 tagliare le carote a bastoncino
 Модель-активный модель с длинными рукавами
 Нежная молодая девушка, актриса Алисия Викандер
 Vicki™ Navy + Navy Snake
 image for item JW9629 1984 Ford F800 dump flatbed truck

-=-=-

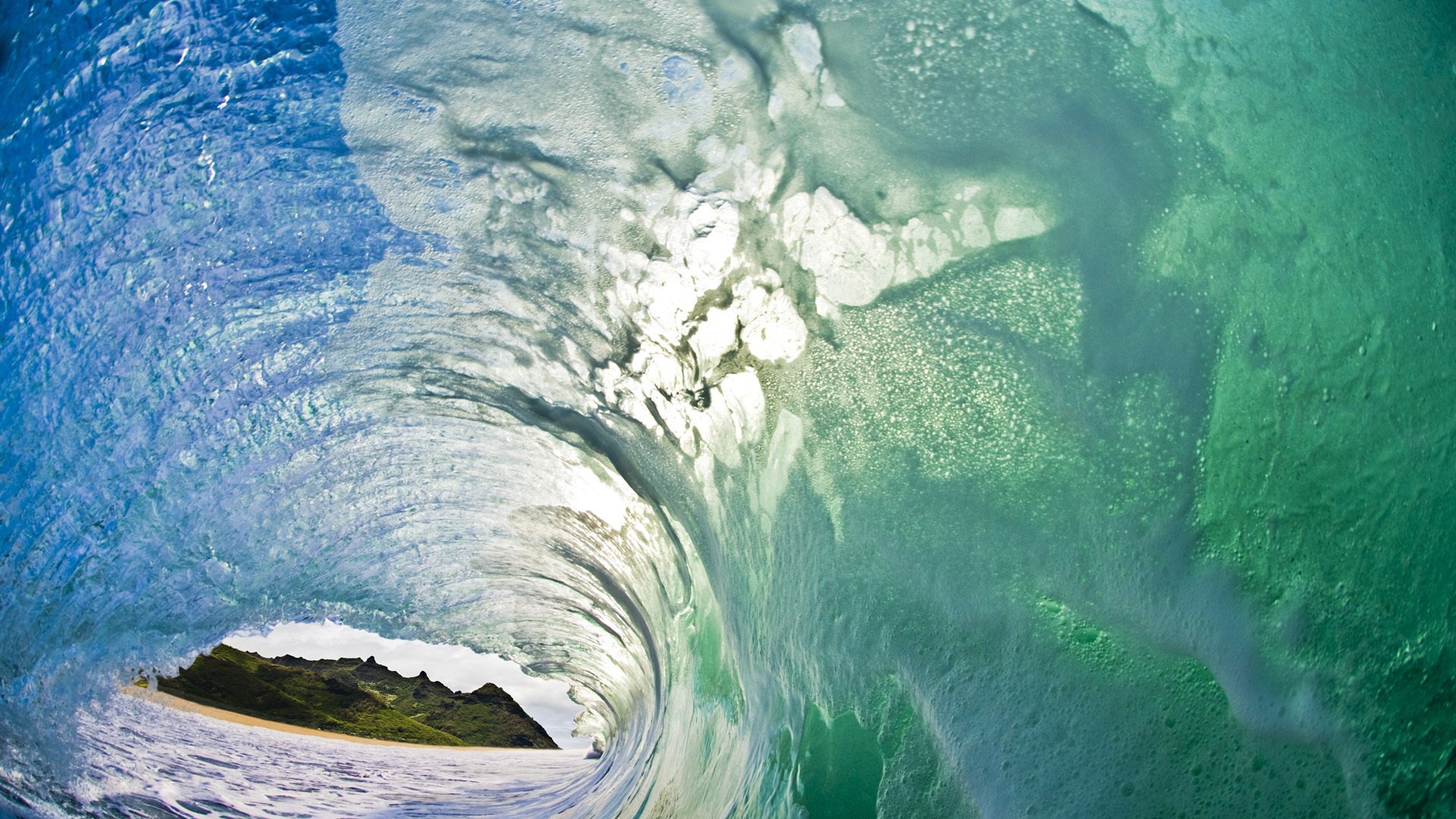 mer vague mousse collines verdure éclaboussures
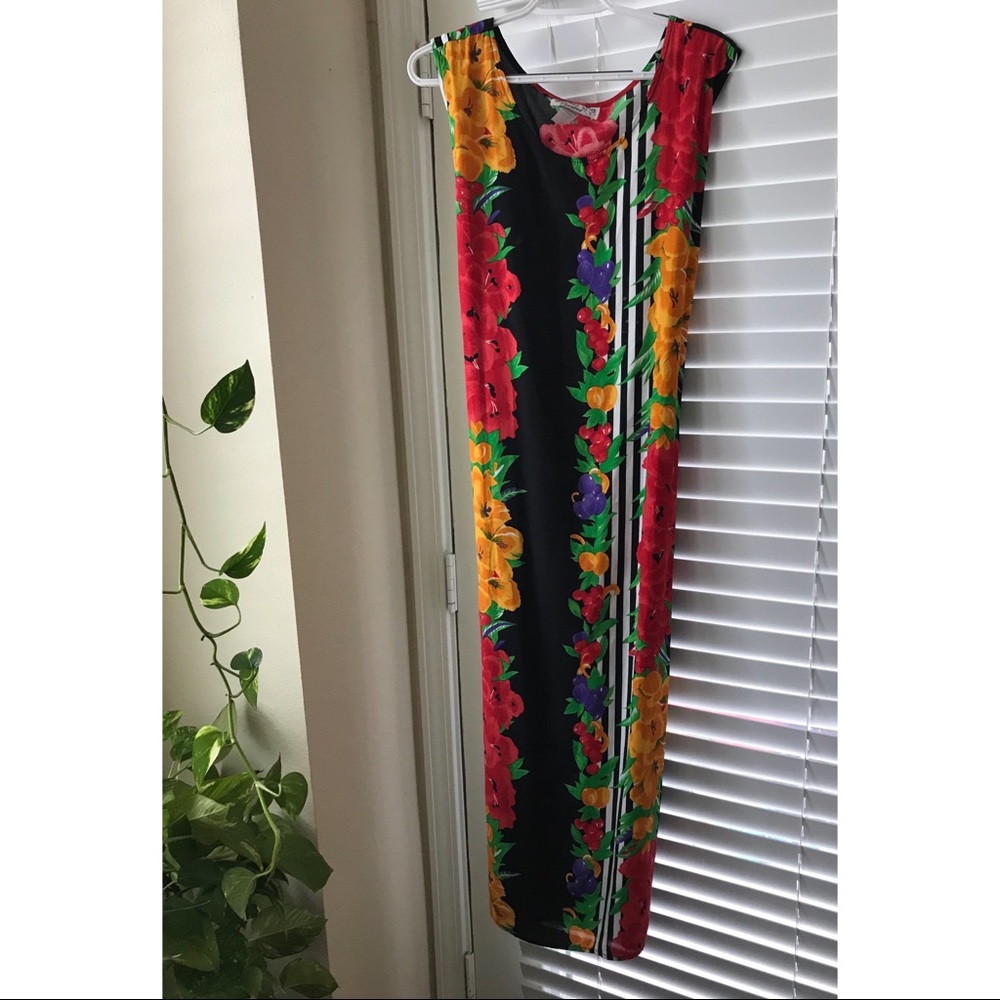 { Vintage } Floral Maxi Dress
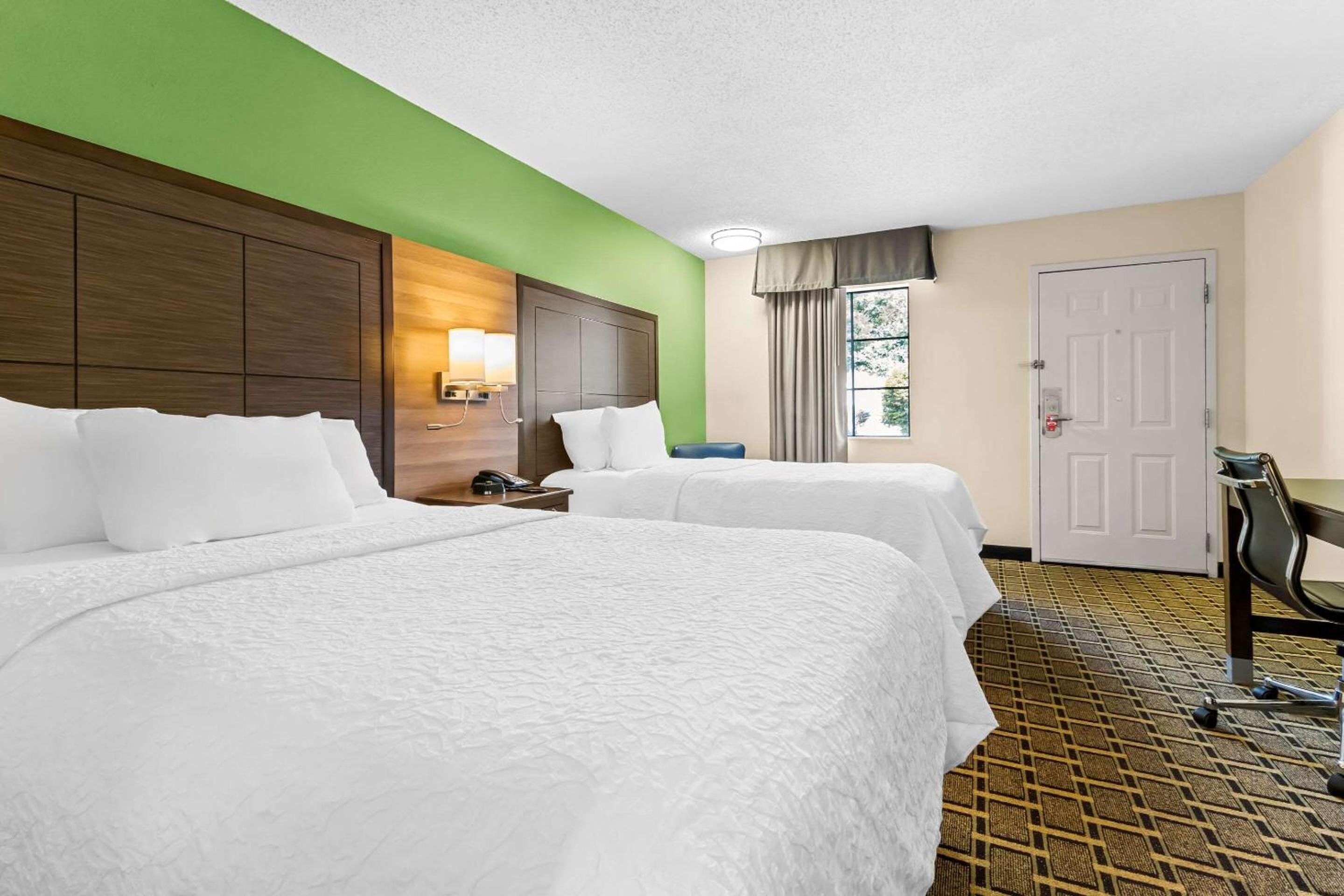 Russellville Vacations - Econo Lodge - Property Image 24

-=-=-

* _Problem to work on_: Repeat exactly the stretch of the listing above that starts with the line holding "mer vague mousse" and finishes with the line holding "Russellville Vacations - Econo", both included. Skip every picture.

* _Output_:
 mer vague mousse collines verdure éclaboussures
 { Vintage } Floral Maxi Dress
 Russellville Vacations - Econo Lodge - Property Image 24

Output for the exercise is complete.